SynRad v1.0 generates synthetic radar signals by calculating the return power, path attenuation, and effective radar reflectivity (a common radar observable) from ATHAM 3D output and user-specified radar characteristics, i.e. the radar position, wavelength (or frequency), transmit power, the one-way 3 dB antenna beamwidth, and the range bin length (or resolution). For a pulsed radar, this is the pulse width, whereas for a frequency-modulated continuous-wave (FMCW) radar, this depends on the signal bandwidth. The standard workflow of SynRad is shown in Fig. 1 and detailed in the following sub-sections. For a given radar location, rays are traced from the antenna to each ATHAM grid cell centre (which acts as the radar sample volume or bin), and path attenuation is calculated at different points along this ray. In other words, a radar is placed in the numerical domain, whereas the beam paths are traced over the 3D output, cell by cell. Calculations are performed on each cell in the grid; i.e. no volume scan measurements are simulated. In this section, the methodology behind SynRad is introduced. This includes the theory behind the physical aspects of radar measurement and how this theory is implemented in SynRad via the different modules. However, we start with the assumptions made during synthetic-signal generation.

Figure 1 SynRad workflow.

3.1 Assumptions made in SynRad

In this sub-section, we list the assumptions made in the current version of SynRad. These assumptions are as follows:

1. All scattering particles (ash and hydrometeors) are homogeneous dielectric spheres that are assumed to occupy the entire resolution volume.

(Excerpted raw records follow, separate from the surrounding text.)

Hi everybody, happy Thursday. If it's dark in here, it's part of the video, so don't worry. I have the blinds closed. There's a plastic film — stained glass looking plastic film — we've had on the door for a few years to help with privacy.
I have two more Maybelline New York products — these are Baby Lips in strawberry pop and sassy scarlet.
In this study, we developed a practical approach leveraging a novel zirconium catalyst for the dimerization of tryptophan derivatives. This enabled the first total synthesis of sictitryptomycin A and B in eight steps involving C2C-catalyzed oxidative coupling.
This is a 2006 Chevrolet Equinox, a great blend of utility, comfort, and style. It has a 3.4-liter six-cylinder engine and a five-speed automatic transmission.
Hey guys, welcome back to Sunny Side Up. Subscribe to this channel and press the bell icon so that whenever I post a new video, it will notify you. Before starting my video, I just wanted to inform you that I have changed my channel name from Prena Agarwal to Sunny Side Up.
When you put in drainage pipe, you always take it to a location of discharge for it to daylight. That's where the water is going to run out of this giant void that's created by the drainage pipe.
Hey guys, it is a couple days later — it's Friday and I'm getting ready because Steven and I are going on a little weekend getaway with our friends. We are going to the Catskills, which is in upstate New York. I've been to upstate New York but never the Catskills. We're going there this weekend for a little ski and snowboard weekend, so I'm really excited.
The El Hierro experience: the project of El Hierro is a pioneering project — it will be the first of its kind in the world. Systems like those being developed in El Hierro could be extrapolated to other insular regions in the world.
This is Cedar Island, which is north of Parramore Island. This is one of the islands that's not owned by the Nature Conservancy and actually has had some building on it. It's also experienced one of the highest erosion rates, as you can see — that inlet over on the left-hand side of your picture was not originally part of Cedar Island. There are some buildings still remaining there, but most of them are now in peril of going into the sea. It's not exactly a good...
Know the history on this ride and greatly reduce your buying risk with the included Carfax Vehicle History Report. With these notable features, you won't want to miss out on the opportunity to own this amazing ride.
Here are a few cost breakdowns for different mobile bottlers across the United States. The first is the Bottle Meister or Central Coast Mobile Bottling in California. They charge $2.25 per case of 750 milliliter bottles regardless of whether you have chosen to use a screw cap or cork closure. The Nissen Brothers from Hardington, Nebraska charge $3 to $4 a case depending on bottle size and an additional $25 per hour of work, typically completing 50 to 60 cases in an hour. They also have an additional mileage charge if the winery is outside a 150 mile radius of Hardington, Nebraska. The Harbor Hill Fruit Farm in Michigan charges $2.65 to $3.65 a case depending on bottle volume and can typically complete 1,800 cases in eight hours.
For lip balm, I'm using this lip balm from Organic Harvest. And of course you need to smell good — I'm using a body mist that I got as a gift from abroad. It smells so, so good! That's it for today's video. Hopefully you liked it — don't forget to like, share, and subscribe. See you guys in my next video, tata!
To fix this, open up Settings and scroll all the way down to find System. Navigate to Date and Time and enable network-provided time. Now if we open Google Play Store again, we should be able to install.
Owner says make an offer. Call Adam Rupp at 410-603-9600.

2. The atmosphere in which the synthetic radar beam is propagating in the model domain is assumed to be non-attenuating; i.e. we neglect attenuation due to atmospheric gases (oxygen, water vapour, and nitrogen) and only consider attenuation due to condensed water, ice crystals, and graupel, as these would dominate the attenuation field. Attenuation due to volcanic SO₂ is also neglected. The dominating attenuation in this case is due to the ash particles and hydrometeors; hence, the decision was made to neglect attenuation due to gases.

3. Beam bending due to atmospheric refraction along its trajectory is neglected.

4. The effects of multiple scattering within a resolution volume is ignored.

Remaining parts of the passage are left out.